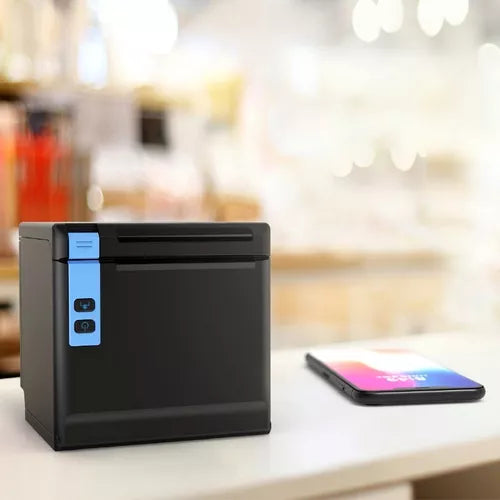 CBX POS-808V Impresora Térmica Ticketera 260mm/s Corte automático WIFI y USB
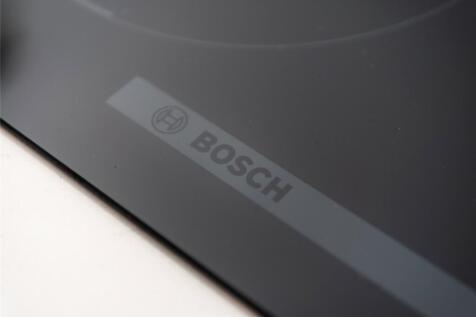Bosch Induction Hob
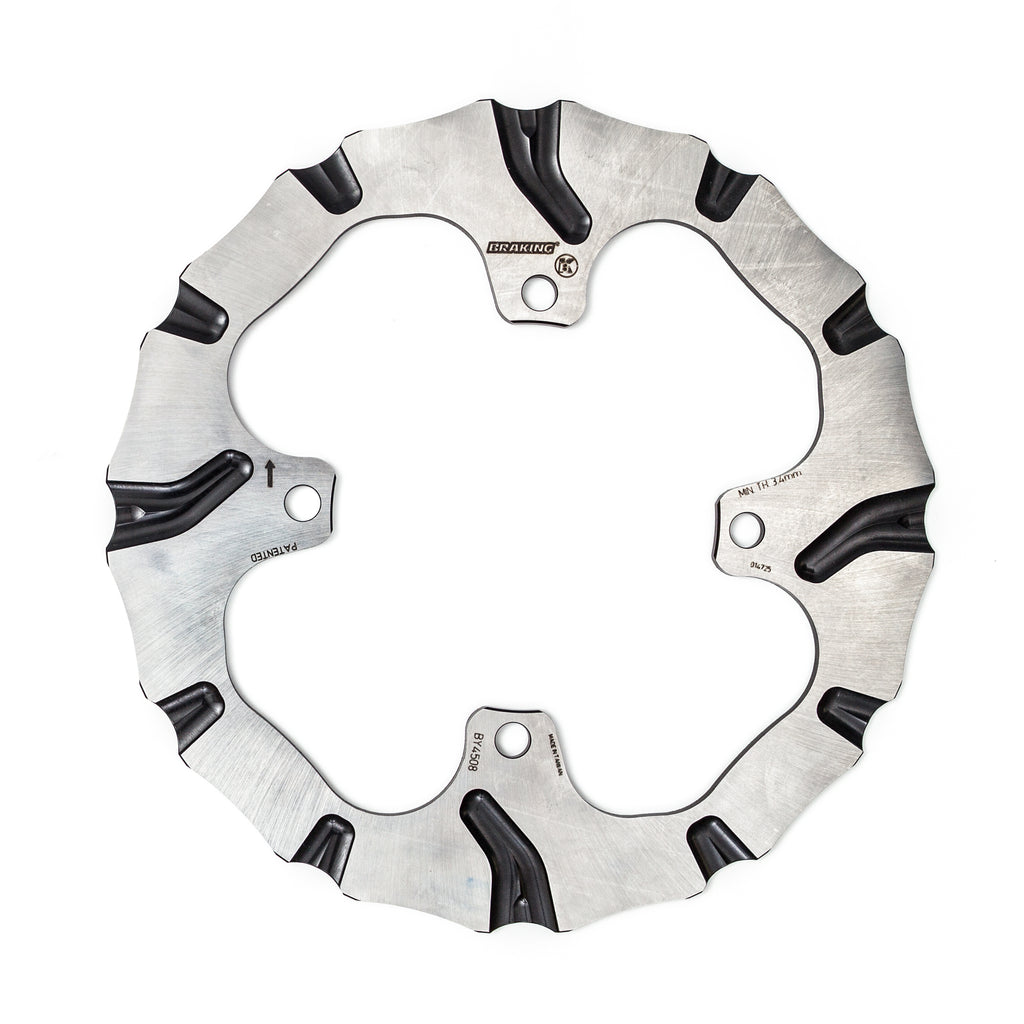 Batfly Rear Rotor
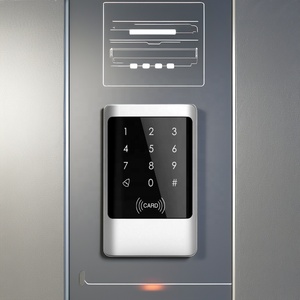 Touch prezzo di fabbrica impermeabile IP/TCP/SKU scheda di controllo della porta di accesso alla rete OEM ODM ha sostenuto il riconoscimento del volto lettori di schede Logo - Product Image 3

## Your instructions
Pictures stay out; reproduce exactly the lines from the one containing "Bosch Induction Hob" through the last line of the listing, both included.

## Expected answer
Bosch Induction Hob
 Batfly Rear Rotor
 Touch prezzo di fabbrica impermeabile IP/TCP/SKU scheda di controllo della porta di accesso alla rete OEM ODM ha sostenuto il riconoscimento del volto lettori di schede Logo - Product Image 3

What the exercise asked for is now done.